DAO-Owned liquidations using Collaterized Debt Positions

This post aims to delve deeply into the mechanics of implementing CDPs, using wstETH tokens(or Vita potentially) as collateral. This discussion will culminate in exploring the creation of a VitaDAO-owned and managed CDP specifically for ecosystem growth. A CDP vault savior module that automatically adds more collateral to a CDP before a liquidation is processed which prevents that liquidation.

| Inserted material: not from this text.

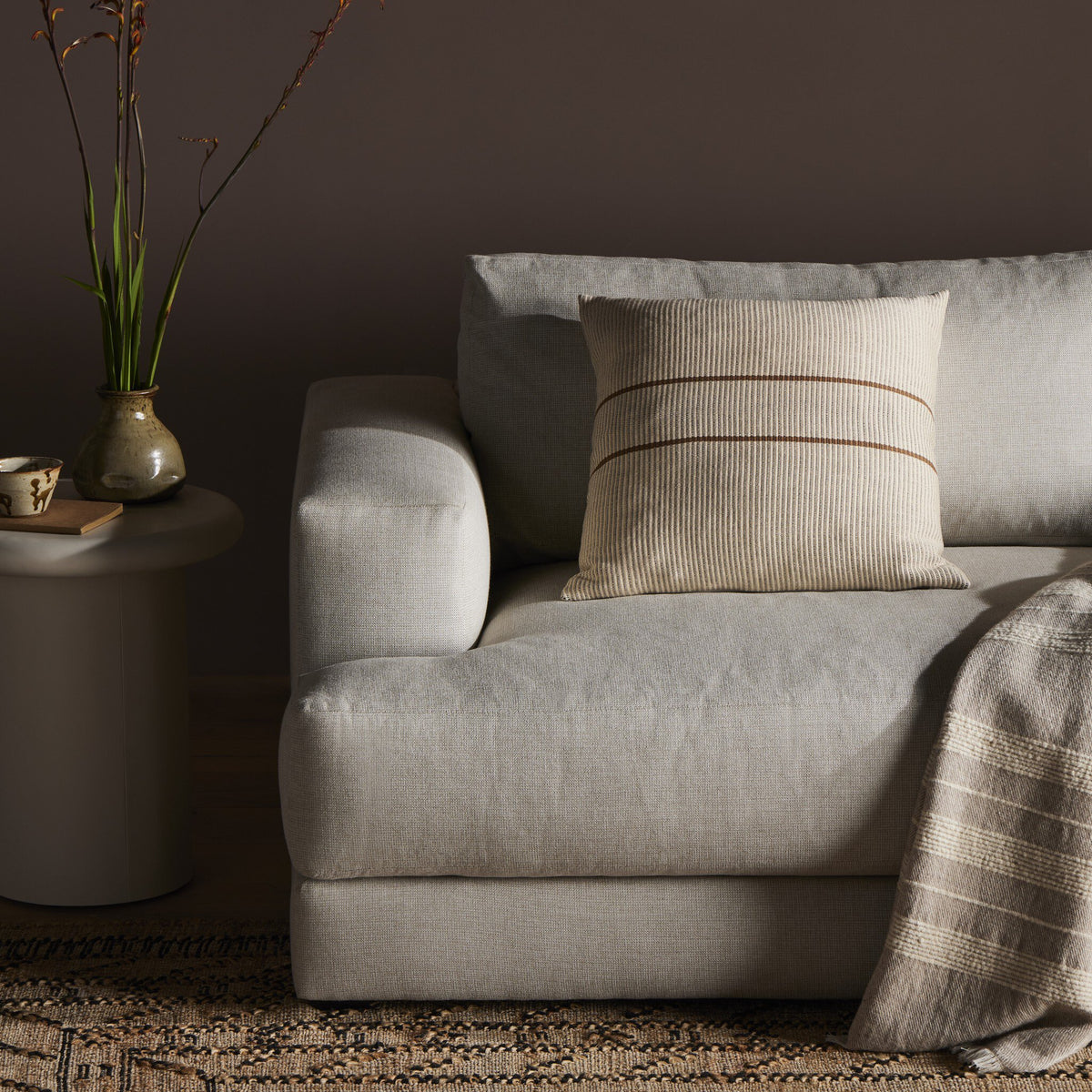 a couch with a blanket and a vase of flowers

In contrast to traditional CDP models, where positions are liquidated when collateral falls below a threshold, our approach introduces a DAO-owned liquidation mechanism. This mechanism ensures that additional collateral is injected to maintain a sufficiently collateralized state during market downturns, thereby providing a buffer against volatility. Conversely, when the price of the native token appreciates significantly, the DAO strategically liquidates the Vita collateral, using an optimized execution strategy to moderate market impact.

Advantages of this Model:

  1. Risk Mitigation: By actively managing collateral levels at the DAO scale, we can significantly reduce the systemic risk associated with market volatility.
  2. Flexibility and Autonomy: This approach provides the DAO with greater control over its financial operations, enabling more strategic capital management. The DAO gains significant flexibility in timing grants and liquidations. We can issue grants without the immediate need to liquidate assets, allowing us to choose the most opportune moments for market action. This flexibility also means we can proactively take positions, aligning with our spending plans for ecosystem growth and potentially improving financial outcomes.
  3. Market Stabilization: A significant advantage of this approach is the ability to have DAO-owned liquidations. This means that VitaDAO can directly control the liquidation process of wstETH or other assets used(VITA token) as collateral. By doing so, we can strategically liquidate assets in a way that minimizes market impact and aligns with our broader market strategies. This approach contrasts sharply with relying on third-party liquidators, who may prioritize their interests over those of our DAO.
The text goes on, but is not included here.